I find this pattern more interesting than the conquest. The conquest is just what happened when the thinking was in place.

There is something worth sitting with in how we got here as a species. We are not the strongest creatures on earth, not the fastest, not the most physically capable. A chimpanzee is stronger than me. A falcon sees better. A dog detects things I will never perceive. What we can do that none of them can is compress accumulated understanding across generations and build on top of it. Read what Aristotle wrote, abstract from it, disagree with it, and use the disagreement to construct something new. That loop, understanding compounding into further understanding, is the thing that most distinguishes human civilisation.

And yet we have constructed an educational system that treats intelligence as a credential to be obtained rather than a capacity to be developed. That is a strange thing to have done. It is worth asking how it happened.

There is no great warrior like Alexander without Aristotle. The conquest is just what happens when the thinking is already in place.

The machine that consumes your most important years

What is the university system actually designed to produce?

The first-principles answer is not what the brochures say. The dominant function of universities in their modern form has been to produce credentialed, moderately specialised workers who slot into the industrial economy without friction. They operate as sorting mechanisms as much as learning institutions. They stamp people with signals that employers can use, not because employers need the knowledge, but because they need the filter. Your personal development is, at best, a side effect of a system designed primarily for economic continuity.

I want to be careful here, because this observation is easy to state and easy to overstate.

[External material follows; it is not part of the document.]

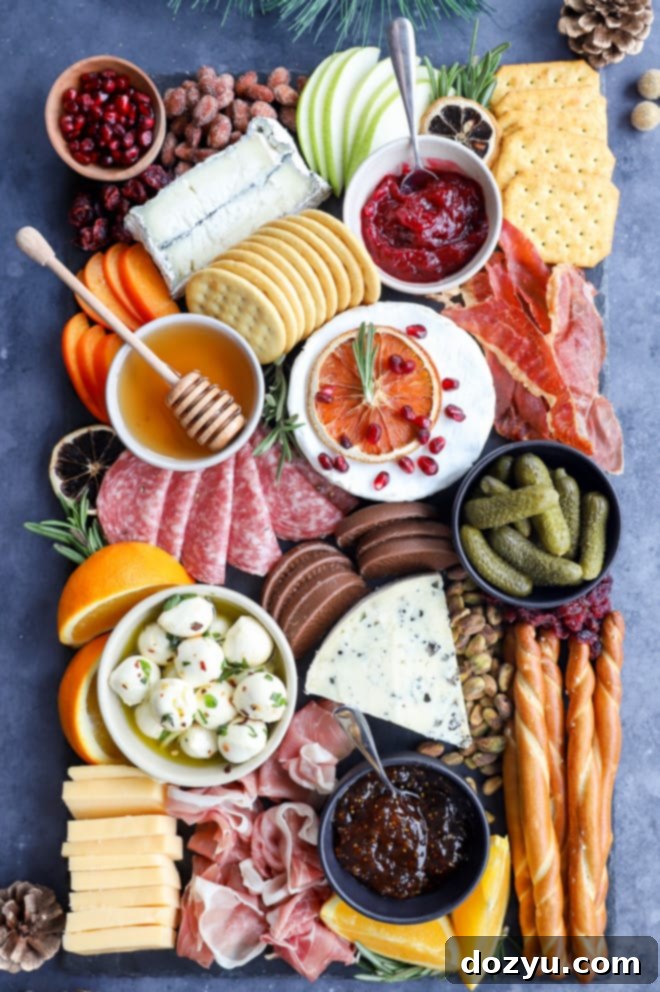 Yuletide Cheese Celebration 8 Assembled christmas cheese board on slate plate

Universities contain extraordinary people and produce genuine understanding. The problem is not the institution itself. The problem is the assumption that the institution’s agenda and your agenda are the same. They are not. Knowing the difference is one of the most useful things you can figure out early.

The deeper issue is this: we force people barely out of adolescence to make decisions that shape the entire trajectory of their lives, what to study, which career to pursue, who to become, at the moment when they have the least information to make that decision well. You are asked to choose a direction before you have walked in any direction. You are asked to identify your strengths before you have tested them against anything real.

You cannot know whether you like a food until you have tasted it. Not from reading about it. Not from watching someone else eat it. You have to put it in your mouth. And yet we have built a system that pressures people to order a meal they will eat for forty years without ever letting them taste the kitchen. The pressure is not malicious. It is structural. But the result is the same: a large number of people living inside choices they made before they knew themselves.

First principles thinking, the method Aristotle formalised, that Descartes rebuilt using doubt, that Feynman practiced as a near-physical reflex, is simply the discipline of refusing to accept a thing as true because someone credentialed said it was. It asks: what is this made of, at its base? What would I believe if I started from nothing? Most people never practice it on the institutions they inhabit. Which is exactly why those institutions retain so much power over them.

On not locking yourself into one room

Here is something I understood about myself only by watching where my attention went when nothing was directing it: I do not identify with a single domain. I never have. And for a long time I thought this was a problem.

The world rewards specialists. The credential system, the job market, the LinkedIn headline, all of it is designed to make you narrow yourself until you fit a defined shape. There is real pressure, especially early, to comply. To pick a lane. To become legible to institutions that can only process you if you are legible.

What I came to understand is that this pressure confuses legibility with depth. Being legible means someone can quickly categorise you. Having depth means you can actually do things. They are not the same, and in many cases they pull in opposite directions.

Finance, when I studied it seriously, did not teach me to read balance sheets. It taught me to think about leverage: where in any system is force most efficiently applied, what compounds and what merely adds, which positions become disproportionately valuable over time. These are not finance concepts. They are structural concepts that finance happens to make concrete. Artificial intelligence, when I went deep into it during a research degree, did not teach me to fine-tune models. It taught me the difference between a system that generalises and one that memorises, and how hard it is to tell them apart from the outside. That distinction turns out to apply to organisations, to arguments, to people.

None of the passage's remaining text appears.